Maybe I'm unclear what I should be angry about.

Boxee have dropped one product and developed (from scratch?) a completely different product. It's their prerogative to do that. No one who cares about freedom will want to use the replacement product. All the original software exists and can be run quite easily on cheap and readily available ARM and x86 hardware, and if that is too hard to set up maybe an entrepreneur can fill the gap in the market vacated by Boxee?

Rich.

The Boxee Box: too free to live?

Posted Oct 27, 2012 18:31 UTC (Sat) by giraffedata (guest, #1954) [Link]

You're supposed to be angry that Boxee will no longer provide fixes, enhancements, and other support for a product you want. It will cost you more (perhaps in your own time) to do that yourself. And you shouldn't expect any entrepreneur to take over, because he would find the same unprofitability Boxee did.

Now, many people believe in situations like this Boxee has no moral obligation to provide those services to them, so there would be no cause for anger. But it's apparent that many others don't see it that way. I know this because I see the angry rants when e.g. the cable company decides to stop providing analog cable service.
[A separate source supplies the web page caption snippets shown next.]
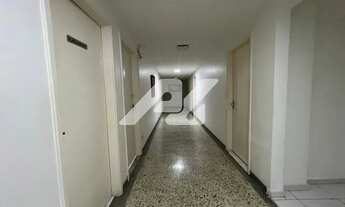 Imagem 6: Sala - Centro - Campinas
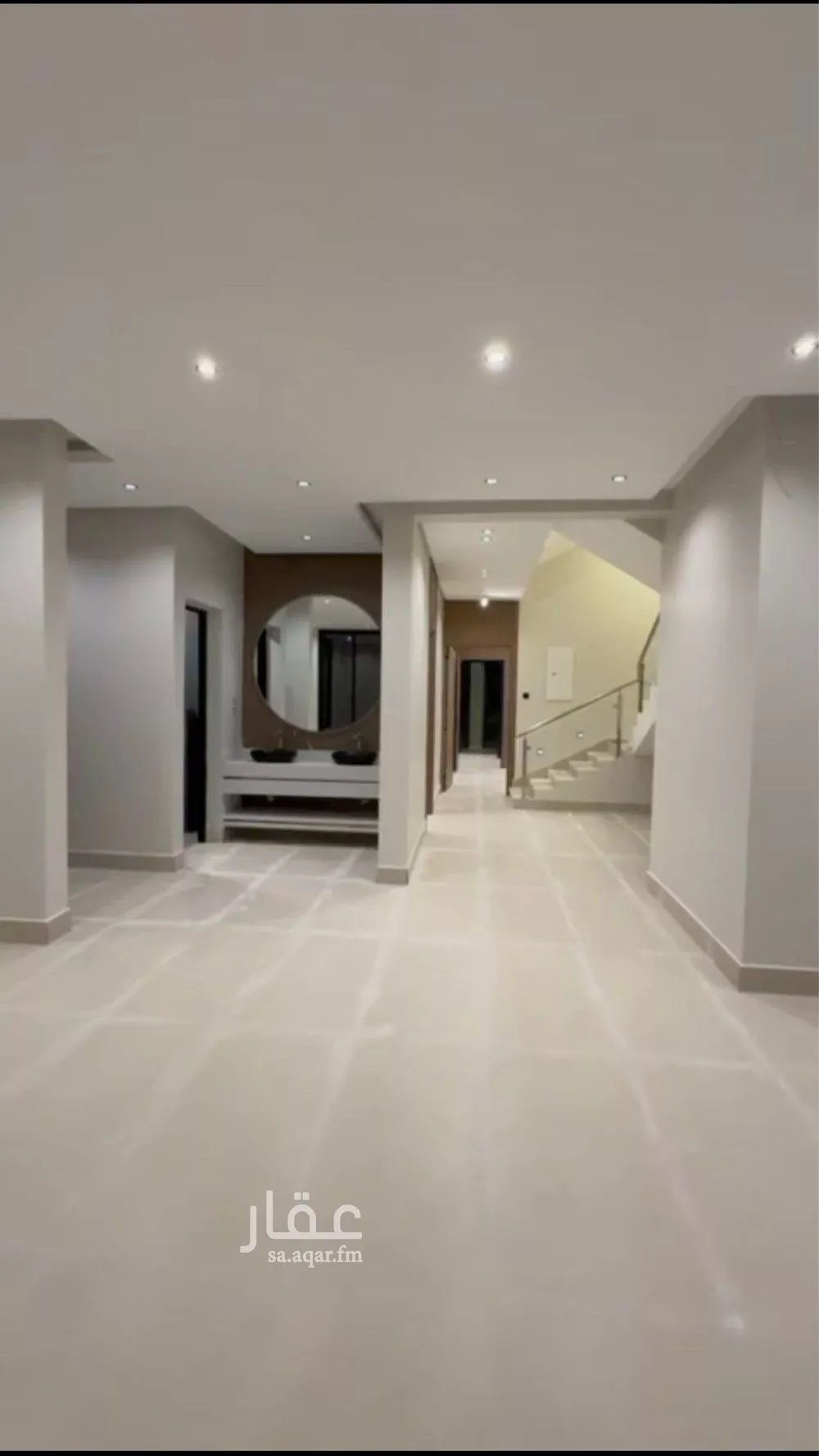 8 bedroom villa in Ash Shulah 3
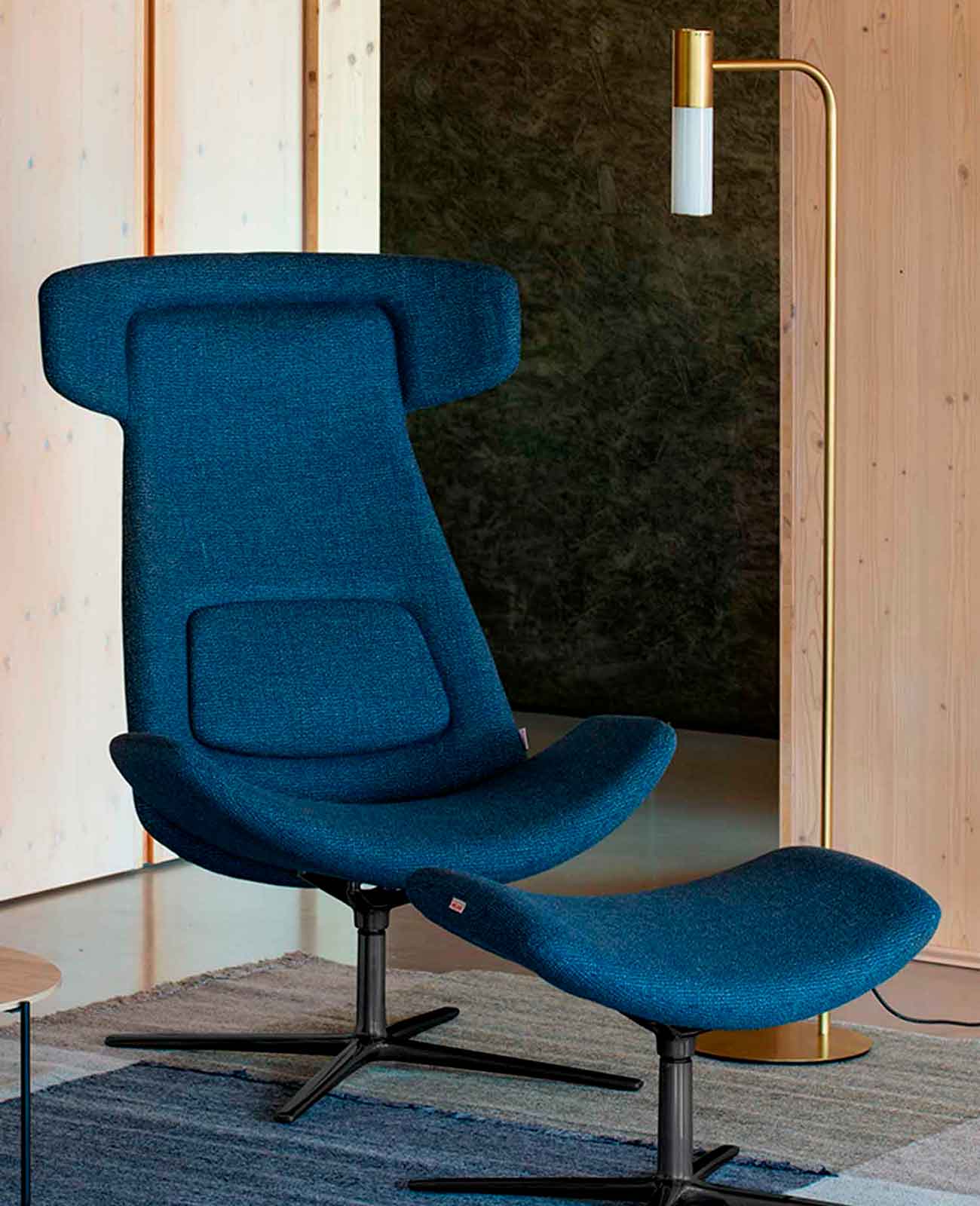 MI_Nordic_Amb_MILANI_DAY6_0215_HR_V2_SLIDER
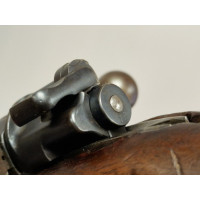 Chasse & Tir sportif RARE FUSIL GEWEHR  G98 SPANDAU 1918   MODIFICATION 1934-35  S/42K  P74 Calibre 8x57 JS  G98  -  Allemagne W
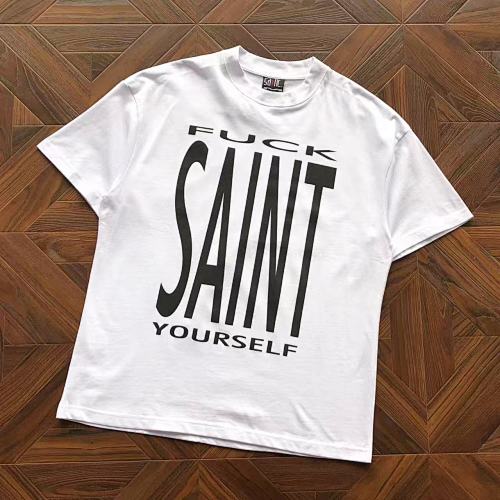 Saint Michael T-Shirt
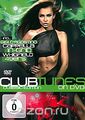 Clubtunes: On DVD Classic Edition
Another reason to be angry is at being misled into believing you would have something for years to come only to have it taken away after two. I don't know if that's happened, or is at all reasonable, in this case, but I come back to another TV cable analogy, and remember a guy ranting about the evil cable company taking away all his HD channels and demanding more money to get them back. He had never paid for them, but until recently, the cable company didn't have the means to disable them. So this "I was used to it and you took it away" effect does exist.